French handball player (born 1984)

Paule Baudouin (born 25 October 1984) is a French former handball player, who played for the French national team. She was born in Saint Denis.

She made her debut on the French national team in 2004. She competed at the 2006 European Championship in Sweden, where the French team placed third and at the 2008 Summer Olympics in Beijing, where the French team finished fifth, and at the 2012 Summer Olympics in London where the team finished fifth again.

==Biography==
For the 2012–2013 season, she left Le Havre AC (handball) for Metz. Her first season in Lorraine was a resounding success, both personally—winning the award for best left wing in the league and the title of top scorer in the regular season with 125 goals and as part of the team. Metz Handball won the French Cup and league double and also reached the EHF Cup final, losing by a single goal to the Danish team TTH Holstebro.

During the 2013–2014 season, following their victory in the League Cup against Fleury, she extended her contract with Metz for two more years. Her season ended with another French championship title after a victory in the final against Issy Paris 92 Hand.

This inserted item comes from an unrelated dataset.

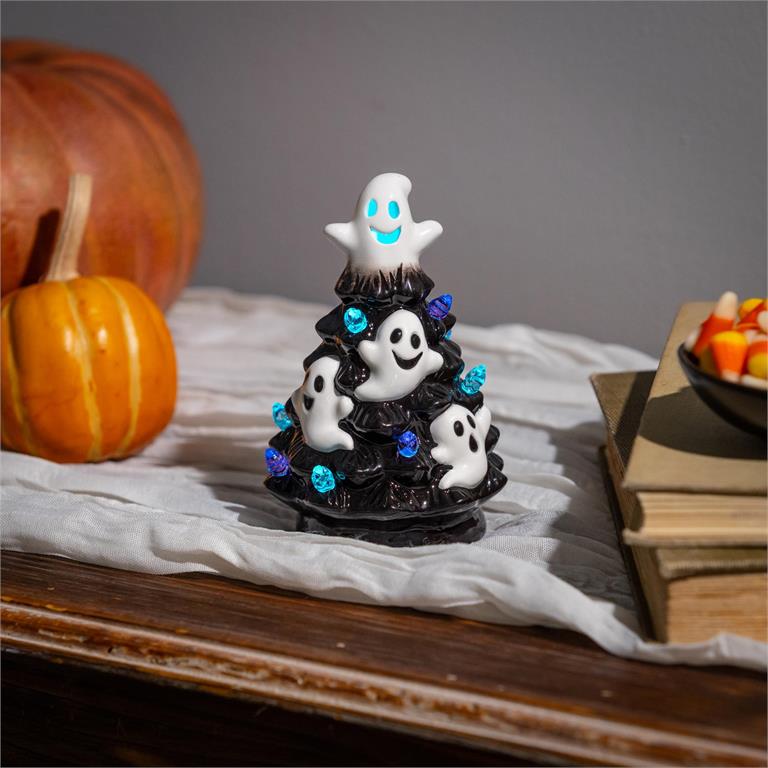 Haunted House LED Table Decor, Ceramic Color Changing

As a key player for Metz, with whom she qualified for the main round of the 2014–2015 Champions League, she was selected to compete in the 2014 European Championship in Hungary and Croatia. A member of the national team since 2004, she is, along with Nina Kamto Njitam, the most experienced player on a rejuvenated squad. France ultimately finished 5th in the competition.

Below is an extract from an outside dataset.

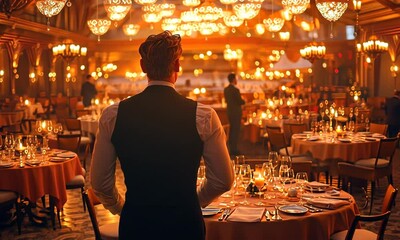 Elegant restaurant interior with a well-dressed waiter overseeing candlelit tables and guests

After seeing very little playing time under Jérémy Roussel starting in the 2015–2016 season, she reached an agreement with the club to terminate her contract in October 2015 and thus left Metz after three seasons. She immediately signed with SG BBM Bietigheim.

She returned to France the following season, joining Fleury Loiret HB and replacing Manon Houette at left wing.

After two seasons with Fleury, she joined Nantes Handball Féminin in 2018, where she was reunited with her former coach from Le Havre, Frédéric Bougeant.